**Source data**
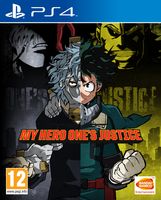 My Hero One's Justice (verpakking Frans, game Engels)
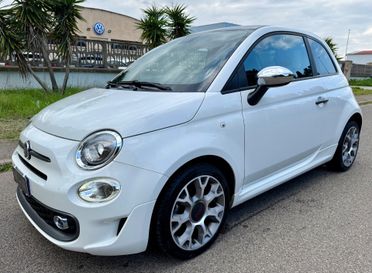 Fiat 500S 1.2 - NEOPATENTATI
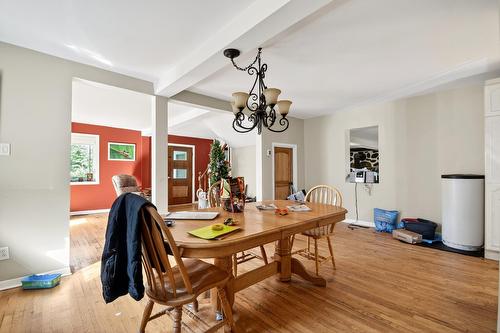 Dining room - 3 Rue Girard, Saint-André-D'Argenteuil, QC - Indoor Photo Showing Dining Room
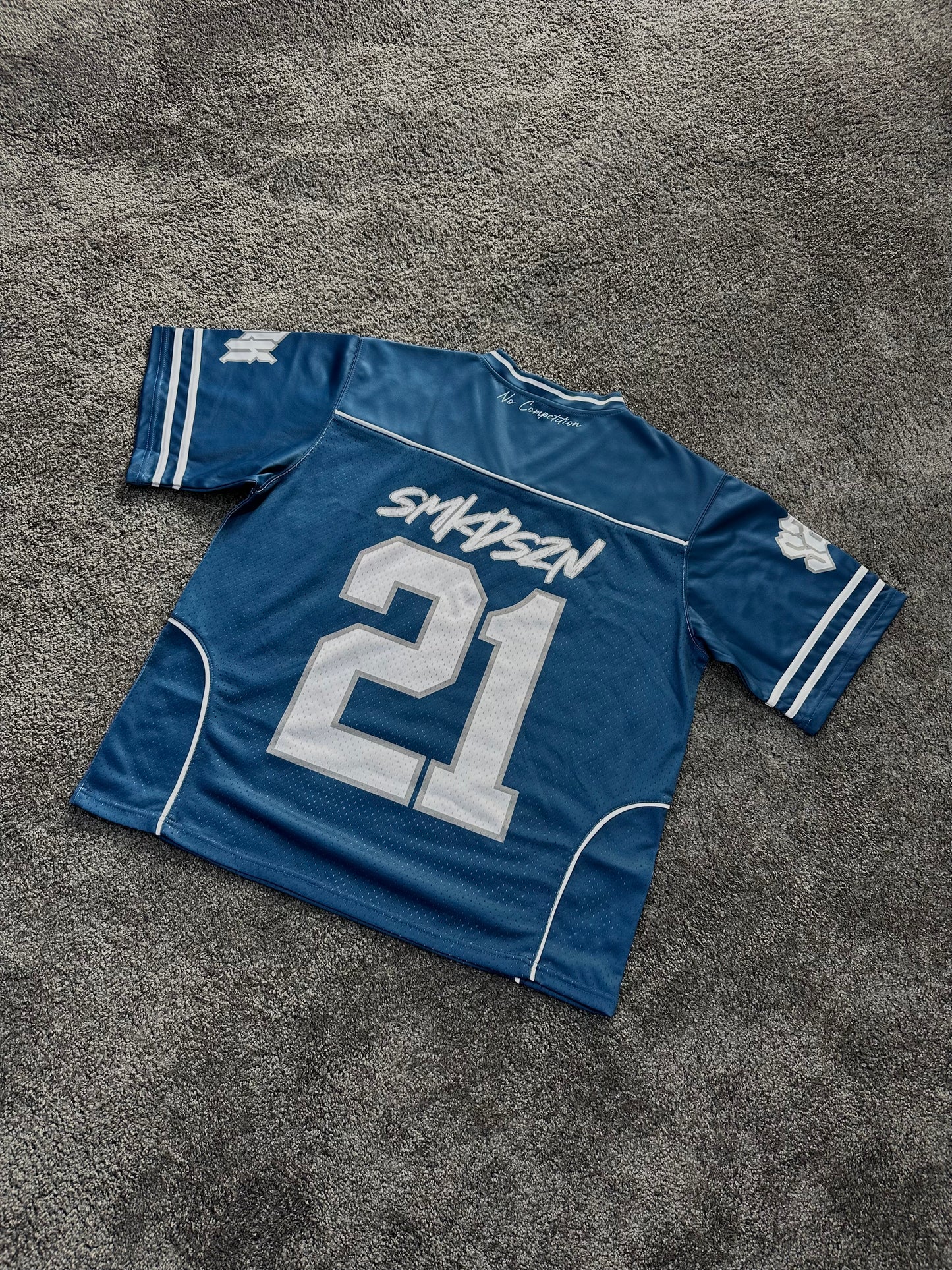 [NSL] Jersey - Deep Blue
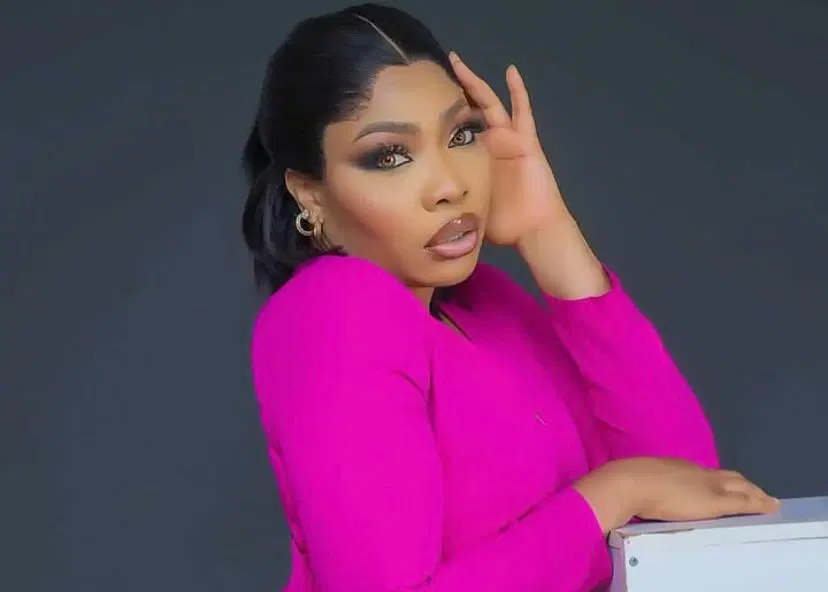 Actress Doris Ogala 'reconciles' with ex-husband amid controversy with Pastor Chris Okafor [VIDEO]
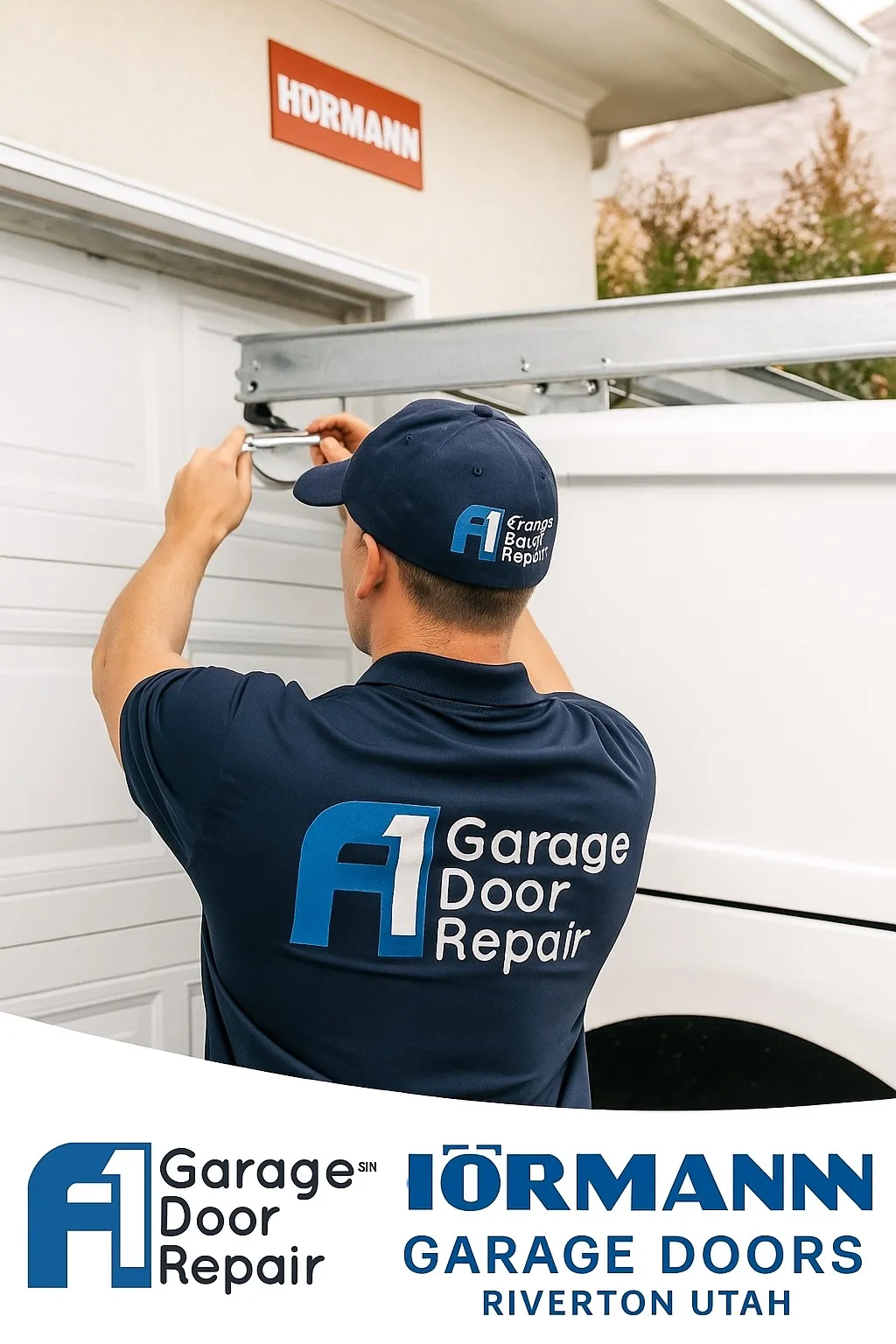 Hormann Garage Doors Riverton Utah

**Exercise directions**
An exact copy of the data above is required, printed without its pictures.

**Solution to this task**
 My Hero One's Justice (verpakking Frans, game Engels)
 Fiat 500S 1.2 - NEOPATENTATI
 Dining room - 3 Rue Girard, Saint-André-D'Argenteuil, QC - Indoor Photo Showing Dining Room
 [NSL] Jersey - Deep Blue
 Actress Doris Ogala 'reconciles' with ex-husband amid controversy with Pastor Chris Okafor [VIDEO]
 Hormann Garage Doors Riverton Utah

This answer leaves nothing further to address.